On my birthday this past summer, I headed out to a small town to treasure hunt in vintage and antique shops. After hours of perusing and discussing the myriad items we saw, I landed on a classic oil painting of boats in a harbor. Excited with my $65 dollar purchase, I reframed and hung it in my home. Then I realized, I actually bought a painting of a boat in a harbor last year (pictured above) and over our bed is a print of two row boats tied to the dock. I also have a lovely water colour of a venetian gondola I bought in Italy, an homage to my roots. “I guess I like boats”, I mused. While showing off my new artwork, I shared this observation with my sister-in-law, who said, “Interesting. Safe harbor.”.
Safe harbor. Anchored to the shoreline.
Being laid off made me feel pushed out from a world I knew very well, and a field I competed in and played on since I was 22 years young. I was another version of me then. It was a good career. In a sense, it ended on a high note, working for a great company where I managed a product. But in the early days, I asked, “Why me?” Why wasn’t I part of the “re-imagined” workforce? I tried to get into other roles but that did not pan out. It hurt. Intellectually, I know I was a number on a spreadsheet. My performance and work was excellent, but I was also older, and maybe that played a part. I don’t know, and it doesn’t matter now.

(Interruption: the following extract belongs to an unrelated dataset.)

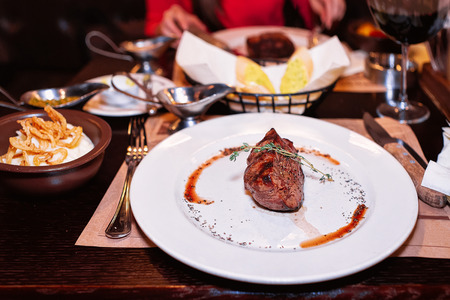 Medium rare Steak with pepper sauce on the white plate in a restaurantの写真素材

Founding MentorSHE has been about giving women a place to find intentional mentorship opportunities, because I think one way out of the mess of our systemic barriers is to find new ways to connect with purpose. It has also been about finding the next version of myself. This is what we do. This is the human experience: recovery and starting again.
Recently, I told my daughters (again), “I am in transition”. They joked that it seemed to be taking a long time. Maybe instead I should say, “I am transition” and ask, “How does everything else live up to me?”
This soul journey is ongoing, and the richness of life is layers deep. Right now, I am trying to be still enough not to miss what is meant for me.